Vienna Diary, July 10th

Wittgenstein’s Nephew by Thomas Bernhard is a novel, but also an authentic autobiographical account of the author’s relationship to Paul Wittgenstein — nephew to the famous philosopher and part of the once phenomenally wealthy Wittgenstein family. Like the celebrated philosopher, we are told that Paul did discarded, frittered, and give away his share of the wealth, and as time went on he became increasingly constant frustration to the rest of the family due to regular breakdowns and growing dependence on financial intervention. Bernhard very much liked Paul, having found in him an enlightened and fascinating friend; a man he judged to be quite unlike the rest of the family, who (excepting the celebrated philosopher) he despised.

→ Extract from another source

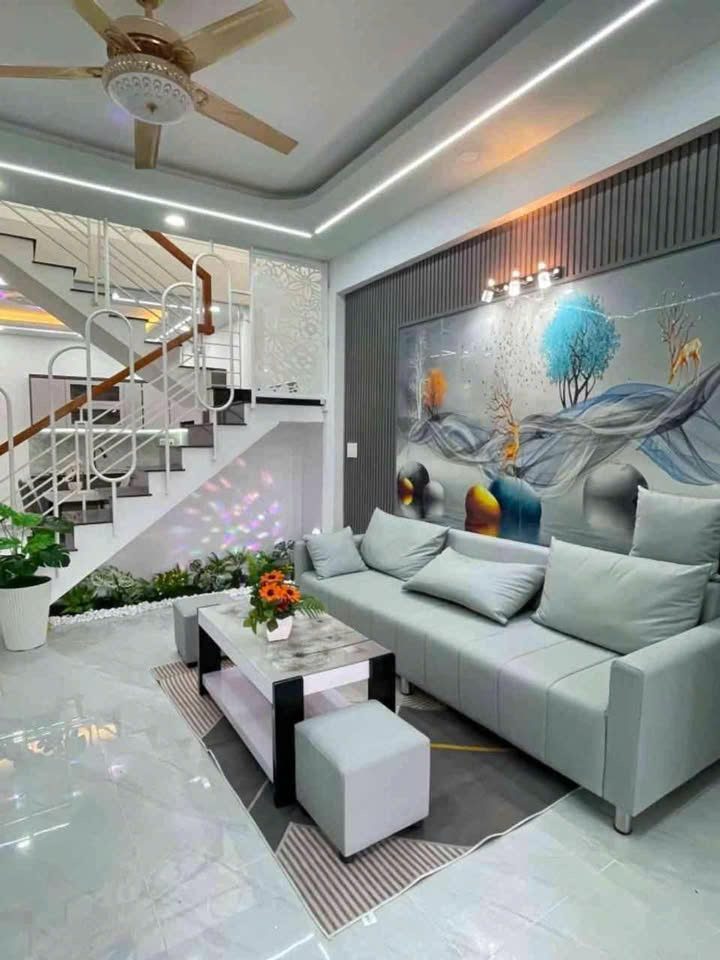 Nhà đẹp Tân Thới Hiệp, Quận 12, 60m2 - 1 trệt 1 lầu, giá chỉ 5 tỷ, vị trí đẹp, đáng mua ở ngay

I said it is an autobiographical account, but is it? It is hard not to wonder to what extent there is an element of performance. The opinions that thicken this text are extreme and scathing, and I presume are entirely sincere. He despises the countryside with the clear air that restores his ailing lungs, he despises the cafe culture for which Vienna is famous for, he despises the literary prizes he wins despite his persistence in offending all about him, he despises the upper classes, and he despises Austrian towns and cities for not carrying the Swiss daily he wants to read. I was waiting for him to despise apple strudle as well. If I came to the text without the modicum of context, I would have read the frank misanthropy of the narrator as being that deliberate ploy of unreliability. The novel is one unbroken, first-person paragraph, which I would have definitely identified as the unmistakable indicator of the unhinged.

In case you don’t know, Bernhard is regarded as one of the most important post-war Austrian literary figures. I will say this: it is a singular reading experience. It is also deeply frustrating, alluding to detail, to specifics, to events, without actually describing them. I think by now in the science of creative writing there is a consensus that specificity is a virtue in prose. What is not a virtue is the following shit:

I could recount not just hundreds, but thousands of Paul’s anecdotes in which he is the central figure; they are famous in the so-called upper reaches of Viennese society, to which he belonged and which, as everyone knows, have lives on such anecdotes for centuries; but I will refrain from doing so.

Wittgenstein’s nephew, page 60

Should I read that kind of sentence and continue to believe the author is writing in straight-forward good faith? By that point I was convinced he was fucking with me. Maybe there is some part of the continental European mentality that eludes me. I would have enjoyed Bernhard pulling back the curtain a little further on the “upper reaches” so disdained, and generously providing us with a little specificity. But maybe that is a vulgar inclination, and I too would be suspect under Bernhard’s gaze.